I ravanelli o rapanelli sono una pianta erbacea appartenente alla famiglia delle Crucifere (Raphanus sativus L.) di cui si consuma la radice (alcune massaie tuttavia utilizzano le foglioline stufate, nelle zuppe e nelle frittate). Si distinguono le varietà in base al colore della radice (rossa, rossa con punta bianca, o bianca) e alla sua forma (cilindrica lunga, mezza lunga, o tonda). Alla stessa famiglia appartiene anche il “Daikon” giapponese.

Le origini
Queste piante sono conosciute da diversi millenni come attestano dei ritrovamenti fatti nelle varie civiltà antiche della Grecia, della Cina e dell'Egitto. Plinio il Vecchio, scrittore latino, descrive le coltivazioni di Raphanus che probabilmente sono ascrivibili al moderno genere Raphanus. Il medico greco antico Androcide ne consigliava l'uso ad Alessandro Magno per evitare le conseguenze dannose dell'uso eccessivo del vino. Quasi un antidoto all’etilometro, si potrebbe pensare oggi.

La coltivazione
I rapanelli vengono coltivati in tutte le regioni italiane e il loro periodo naturale va da aprile a luglio per effetto delle semine scaglionate. Vanno seminati in terreni leggeri ben concimati. Per avere raccolte scalari, le semine vanno ripetute a intervalli di 15-20 giorni. Durante la crescita il suolo va tenuto costantemente moderatamente umido, somministrando concimi azotati a pronto effetto in uno o due interventi.

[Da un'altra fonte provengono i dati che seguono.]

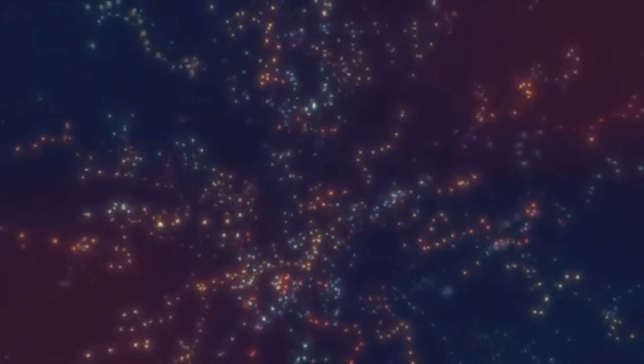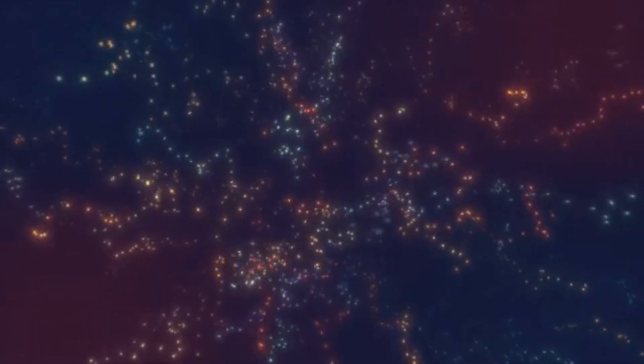Estar ciente e consciente de quem somos, que tudo é energia e se conecta, é muito importante.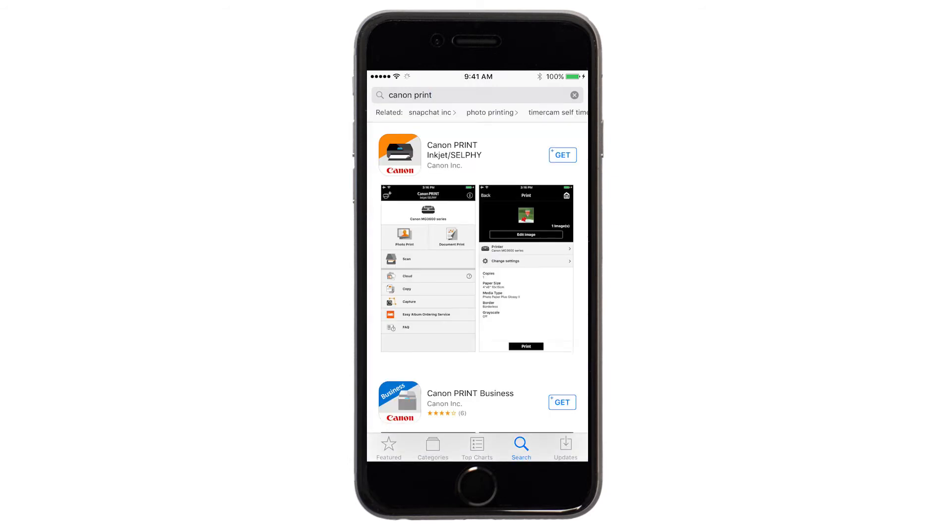Tap the icon for the Canon Print app. Then, continue the download and installation process.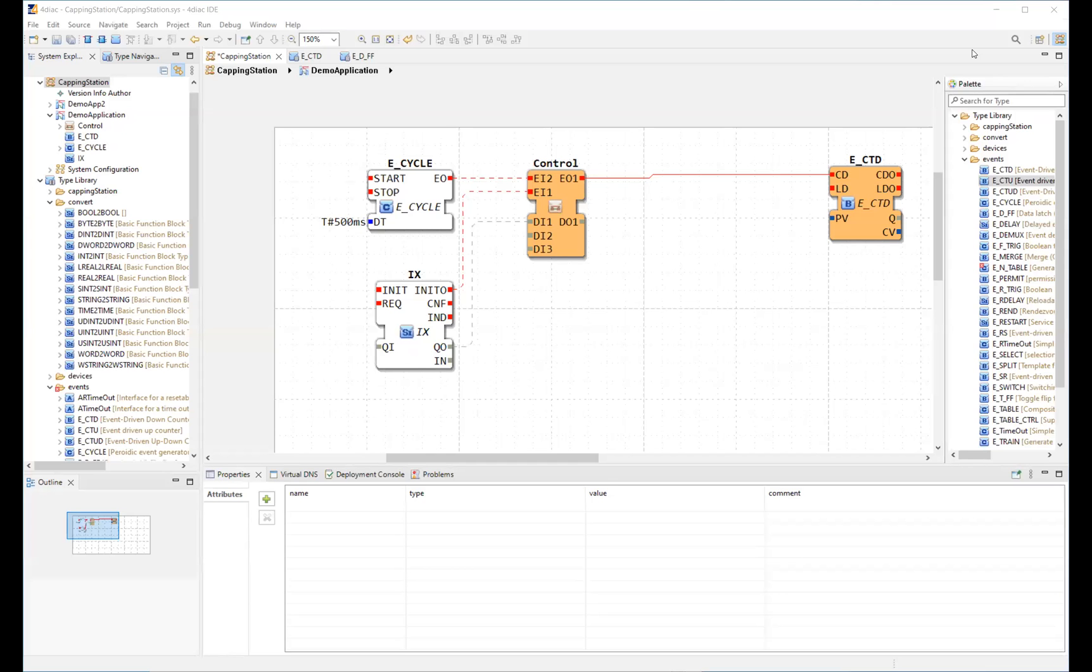Welcome to the introductory video of 4DiAC IDE. The 4DiAC IDE is a development environment to help design control software for automation systems based on the standard 1499.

Come sono e come si conservano
Hanno un sapore fresco e leggermente pungente che con il caldo estivo si fa più piccante e talvolta amarognolo, secondo le varietà e le zone di coltivazione. Se sono di recente raccolta, le foglie attaccate alla radice devono essere di un bel colore verde vivo e la radice dura e compatta con la relativa radichetta non appassita. Da evitare i rapanelli troppo grossi perché la loro polpa all’interno spesso non è tenera o non è compatta e possono avere un gusto amaro. In frigorifero si conservano per 4-5 giorni (in un sacchetto per congelatore forato in alcuni punti con un ago) dopo aver eliminato le foglie e averli asciugati.

Usi in cucina
Il loro impiego classico in cucina è a crudo nelle insalate, ma non sono male anche stufati in padella o glassati. Spesso vengono impiegati come guarnizione. Nella composizione di insalate, dove il rapanello trova facilmente posto, visto il suo particolare gusto, è possibile aggiungere anche le sue foglie, a patto naturalmente che siano ancora verdi e fresche. Un consiglio per renderli ancora più croccanti: prima di utilizzarli nelle insalate o in pinzimonio si devono immergere per qualche ora in acqua fredda.

Proprietà salutari
I rapanelli sono ricchi di vitamina B e C e di ferro. Hanno proprietà depurative e diuretiche, sono efficaci nel calmare la tosse, aiutano a risolvere i problemi di fegato (in questo caso si consiglia di assumerne una tazzina di succo prima dei pasti). Come ci ricorda la campagna di promozione e informazione di UNAPROA “Nutritevi dei colori della vita” (http://www.nutritevideicoloridellavita.com) - finanziata con il contributo dell’Unione europea e dello Stato italiano -, il colore della frutta e degli ortaggi è un indizio importante per variare l’assunzione di sostanze preziose, proteggendo la salute e coprendo il fabbisogno di nutrimento del nostro organismo. Ogni colore (rosso, verde, bianco, giallo/arancio e blu/viola) corrisponde a sostanze specifiche, con differenti azioni nutrienti e protettive. Per il ravanello il colore è il rosso. La frutta e le verdure di colore rosso hanno un alto contenuto di due fitocomposti con azione antiossidante: il licopene e le antocianine. Fragole, anguria e ciliegie, ma anche pomodori e peperoni, a patto di mangiarli crudi, per esempio in insalata, forniscono inoltre un nutriente importantissimo in grande quantità: la vitamina C che, se assunta giornalmente in almeno 200 mg (il fabbisogno medio europeo è di 90 mg al giorno per gli uomini e 80 mg per le donne), contribuisce al mantenimento della normale funzione del sistema immunitario durante e dopo uno sforzo fisico intenso, alla normale formazione del collagene e alla normale funzione delle ossa, di cartilagini, gengive, pelle e denti. La vitamina C favorisce anche l’assorbimento del ferro presente negli altri alimenti.

Ricordiamo ancora che i rapanelli ai tempi dell'impero romano erano impiegati per favorire il sonno, questo grazie alla presenza della vitamina B e delle sue proprietà tranquillanti.